En la escuela, todo empeoró. Alguien supo que limpiaba portales, y los abusos escalaron. Sobre todo de Rebeca, la reina del instituto, hija de padres adinerados.

—¡Eh, pordiosera! ¿Otra vez a limpiar mierda? —le gritaba cuando Aurora salía corriendo de clase.

Ella aguantaba en silencio. Aprendió a no oír. Pero cada vez, el dolor se hundía más hondo, como una piedra en el pecho.

—¿Por qué lo hacen? —murmuraba al perro que se frotaba contra sus piernas—. ¿Qué les he hecho yo? ¿Es esto justo?

Hasta que llegó él. Álvaro Mendoza. Nuevo en clase. Alto, moreno, con una mirada serena. Hijo de médicos, deportista, callado. Todas suspiraban por él. Aurora también, pero lo ocultaba. Cada vez que pasaba, su corazón latía más fuerte, sus mejillas ardían. Rogaba que nadie lo notara.

Rebeca decidió que Álvaro sería suyo. Vestidos caros, perfume, uñas impecables… Nadie se atrevía a competir. Aurora ni lo intentó.

Un día, llegó tarde a clase por culpa de un ataque de su madre. Al entrar, dejó caer su libro de psiquiatría. Rebeca lo recogió.

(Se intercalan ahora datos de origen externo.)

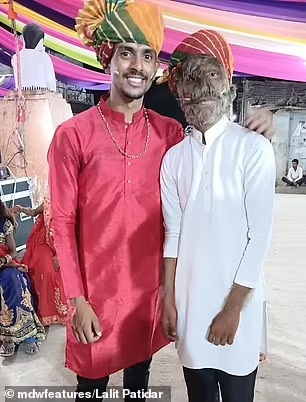 Ινδία Λυκάνθρωπος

—¿Qué es esto? ¿Te has vuelto loca como ella, pordiosera?

Aurora no pudo más. Tapándose la boca para no gritar, salió corriendo. En la puerta, chocó contra Álvaro, que no entendió nada.

Llegó al parque. Al roble. Se desplomó en la nieve. Lloró.

Y entonces vio al perro caminar sobre el hielo. Oyó el crujido. El animal se hundió.

Aurora se lanzó a salvarlo. Se quitó el abrigo. Gateó. Lo agarró del lomo… y el hielo cedió. El agua helada le quemó la piel, le robó el aire. El perro forcejeaba a su lado. Intentó nadar. Las fuerzas la abandonaban. Hasta que unas manos firmes la sacaron del agua. Y al perro también.

En la orilla, Álvaro la miraba.

—Vamos. Mi madre es médica. Te congelas. Vivimos cerca —dijo, envolviéndola en su chaqueta.

Ella asintió, aturdida.

Al día siguiente, entraron juntos al instituto.

—¿En serio? —gritó Rebeca—. ¡Pero si es una pordiosera!

Álvaro respondió tranquilo:

—Pordiosero solo puede ser el alma. Y la tuya es la más miserable que he visto.

Rebeca retrocedió. La clase enmudeció. Aurora se sentó en su pupitre. Por primera vez, no estaba sola. Y por primera vez, no bajó la cabeza.

Ahora tenía a alguien a su lado. Alguien que no veía a “la pordiosera”, sino a una persona. Y también a Lola, la perra que salvó. Que ahora vivía con Álvaro.

A veces, la vida da una oportunidad a quienes supieron esperar.